The fuck is discipline.

 

White bowl of chips. White bowl of mild salsa.

A heaping dump of sour cream.

This is my soul.

 

 

        I'm washed up on the beach of my wood grain kitchen table. Collapsed over it, hunched; a monster. I'm not collapsed, I am collapse. I'm twin towers after fire, the action movie after the siege scene. I am free falling, motionless. I'm not even hung over. Sweet, sweet sobriety.  

 

With great effort I right myself, almost sitting. My skeleton's a rebellion and the flesh is a sloshing riot. My shoulders and spine hang heavy with the fruit of my fat. My eyes swivel around the white washed stained grey room. They need me to focus on something. I see the tortilla chips and together we try to end the inevitable.

“Welcome back!” screams reality.

It never works.

“Welcome back!” it croons again. Legitimately welcoming. Friendly, not cruel, but it might as well be my funeral dirge. A torture song.   

 

The familiar color of despair drips out from my brain and down over my eyes like wet teal paint. Thick on my irises. "This is real. Real. Real, real, real, real." It's a goddamn song, and I don't know if it's me or Superego's singing. God knows. 

“Welcome back!” and now I don’t know which one of us is screaming but I respond anyway.

“Fuck you.”

I stuff chips in my face and ride a current of crisp, crunch, dunk, sloosh, smush. A tactile world with only the most mild interruptions from that screaming welcoming void around me. 

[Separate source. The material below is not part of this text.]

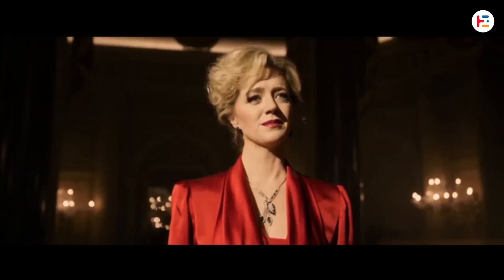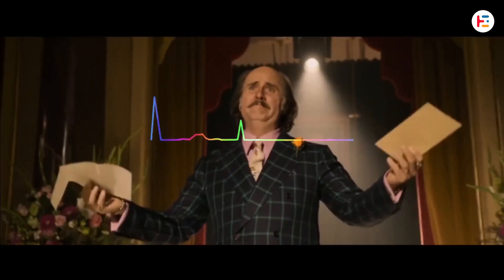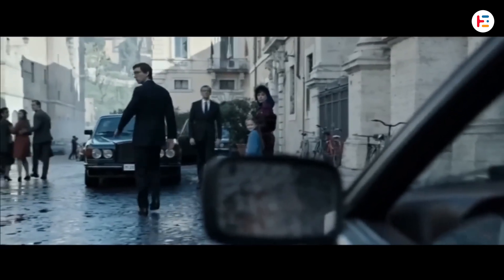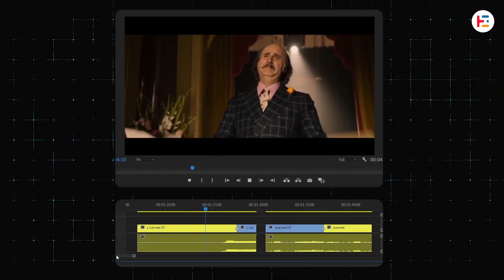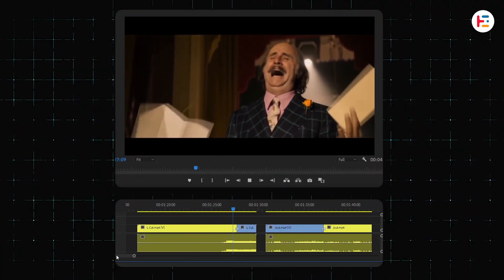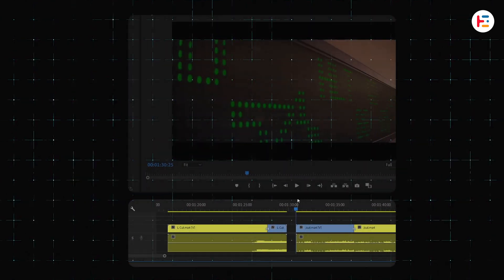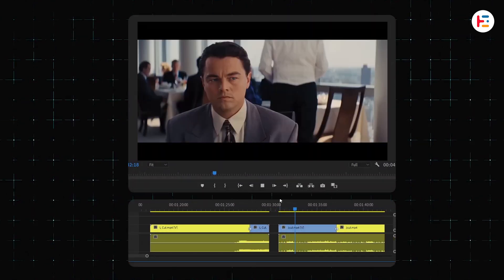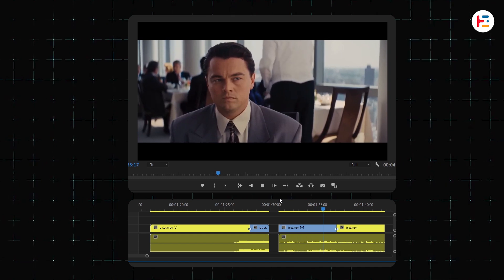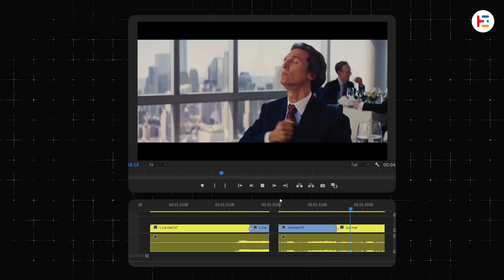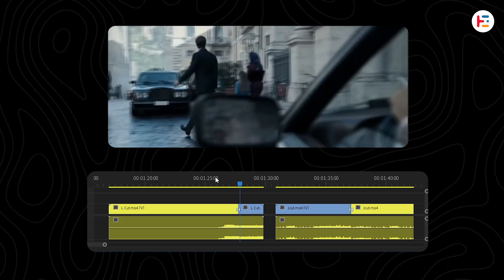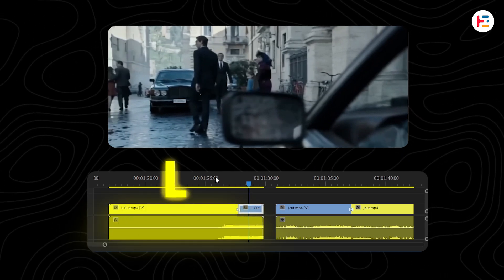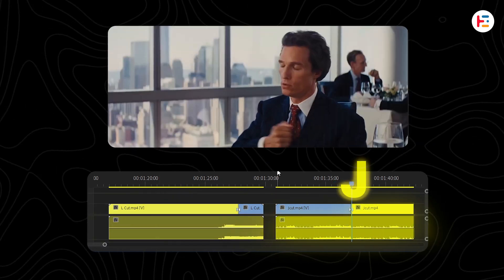J-cut or L-cut is when the audio edit doesn't match the video edit. In this example, you continue to hear the audio once the visual has already changed. That is an L-cut. Conversely, you start to hear the audio before the visual has changed. This is a J-cut. As you can see, on our timeline, L-cut creates an L-shape, whereas J-cut creates a J-shape.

        “Real. Really really real. This is your life!” screams reality over the crunch of chips, the sea of tongue. I can feel superego bearing down on me, a B-52 over Afghan, an Apache over Gaza. The voice is a whining nag. Fuck that voice. The kind of voice who would have been an RA in college. Fuck that voice. Fuck waking up. But the chips are finite.

 

        My clothes are wet on me like a cocoon. Like I've been living in them. It's hot. Everything’s hot. I know I have AC but the world's just hot. The emptiness around me is boiling me. I'm a thick chicken stew.

My head is burning. There’s no headache, but there’s no word for the pain of normality. I want to dream, but there's no way I can sleep, I've been asleep for sixteen hours. My dreams are already the lofty pollution of an unlived life. The too perfect distraction. I can't have that now.

 

        There's nowhere to go, but I stand anyway. The feel of my muscles sliding over one another makes me sick and I swear to God I can feel my skeleton. It's hard. The scaffolding for a work of shit in process.  

 

        I peel back the kitchen drapes, they've been sweating too. It's 6pm, but the summer’s here and it's like Rah's fucking scepter is pointed at my kitchen window. Like the fucking beetle I killed one summer is now ascendant in heaven and finally God's given him the magnifying glass of my obliteration. If I had wings they'd be his smoking husks. I have to look away. 

 

        My hands stumble through the assorted fantasies on the table, an inventory of soulless salvations. Games, music, books, perfectly packaged, like the store has been sending me presents in the mail. God: I want to buy something. 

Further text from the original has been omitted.